7.4 Afwijken van de gebruiksregels
Het college kan een omgevingsvergunning verlenen voor het afwijken van het bepaalde in artikel 7.3 indien strikte toepassing daarvan zou leiden tot een beperking van het meest doelmatige gebruik, welke beperking niet door dringende redenen wordt gerechtvaardigd.
Artikel 8 Wonen - 7
8.1 Bestemmingsomschrijving
De voor "Wonen - 7" aangewezen gronden zijn bestemd voor:
- a. woningen, al dan niet in combinatie met een aan huis verbonden beroep of een aan huis verbonden bedrijfsactiviteit, waarbij het aantal woningen niet meer dan 7 mag zijn;
- b. aan- en uitbouwen, bijgebouwen en overkappingen;
met de daarbij behorende:
- c. andere werken;
- d. bouwwerken, geen gebouwen en overkappingen zijnde;
- e. erven en tuinen;
- f. parkeren.
8.2 Bouwregels
- 1. De totale bebouwde oppervlakte van het bouwperceel mag niet meer bedragen dan 70% ten opzichte van het gehele bouwperceel.

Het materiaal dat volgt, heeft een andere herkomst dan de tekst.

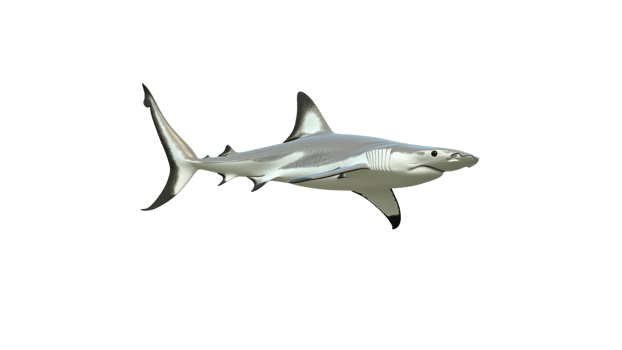 Shark swimming gracefully in clear waters transparent background png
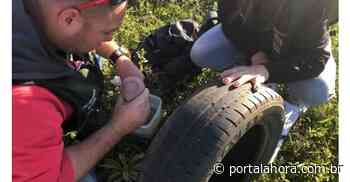 ALERTA: Vigilância em Saúde de Imbituba identifica mais um foco do mosquito Aedes aegypti, o 46º do ano - Portal AHora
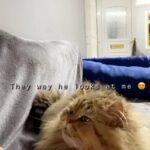 persian tabby boy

- 2. Voor het bouwen van hoofdgebouwen gelden de volgende regels:
- a. als hoofdgebouwen mogen uitsluitend rijwoningen worden gebouwd;
- b. de bedrijfsvloeroppervlakte ten behoeve van de uitoefening van een aan-huis-verbonden beroep en/of een aan-huis-verbonden bedrijfsactiviteit mag niet meer bedragen dan 40% van de totale gebruiksoppervlakte van de woning inclusief de bijbehorende aan- en uitbouwen en bijgebouwen met een maximum van 100 m²;
- c. tenzij anders op de verbeelding is aangegeven dient de maatvoering van de hoofdgebouwen te voldoen aan de eisen die in de onderstaande tabel zijn gesteld:
Maximale goothoogte | Maximale bouwhoogte |
3,50 meter | 10,00 meter |
- a. een hoofdgebouw mag uitsluitend binnen een bouwvlak worden gebouwd;
- b. indien niet anders op de verbeelding is aangegeven, mag de horizontale diepte van het bouwvlak niet meer dan 12,00 meter bedragen.
- 3. Voor het bouwen van aan- en uitbouwen, bijgebouwen en overkappingen op een bouwvlak gelden de volgende regels:
- a. aan- en uitbouwen en bijgebouwen dienen minimaal 1,00 meter achter de voorgevel van het hoofdgebouw en het verlengde daarvan te worden gebouwd;
- b. aan- en uitbouwen, bijgebouwen en overkappingen dienen qua maatvoering te voldoen aan de eisen die in de onderstaande tabel zijn gesteld:
Maximale goothoogte gebouwen | Maximale bouwhoogte gebouwen | Maximale bouwhoogte overkappingen | Maximale gezamenlijke oppervlakte per woning |
3,50 meter | 5,50 meter | 3,00 meter | 100 m2 |
- a. in afwijking van het bepaalde onder a mag daar waar op het groenplan in bijlage 1 bij de regels een bijgebouw voor de voorgevel van het hoofdgebouw is ingetekend, een bijgebouw voor de voorgevel worden gebouwd;
- 4. Voor het bouwen van bouwwerken, geen gebouwen en overkappingen zijnde, gelden de volgende regels:
- a. de bouwhoogte van bouwwerken, geen gebouwen en overkappingen zijnde, mag niet meer dan 3,00 meter bedragen;
- b. de bouwhoogte van erf- en perceelafscheidingen gelegen achter de voorgevel van het hoofdgebouw en het verlengde daarvan, mag niet meer dan 2,00 meter bedragen;
- c. de bouwhoogte van erf- en perceelafscheidingen gelegen voor de achtergevel van het hoofdgebouw en het verlengde daarvan, mag bij hoekwoningen niet meer dan 1,00 meter bedragen;
- d. de bouwhoogte van erf- en perceelafscheidingen gelegen voor de voorgevel van het hoofdgebouw en het verlengde daarvan, mag niet meer dan 1,00 meter bedragen;
- e. de bouwhoogte van vlaggenmasten mag niet meer dan 6,00 meter bedragen;
- f. er mag geen niet-perceelgebonden handelsreclame worden aangebracht en/of worden geplaatst.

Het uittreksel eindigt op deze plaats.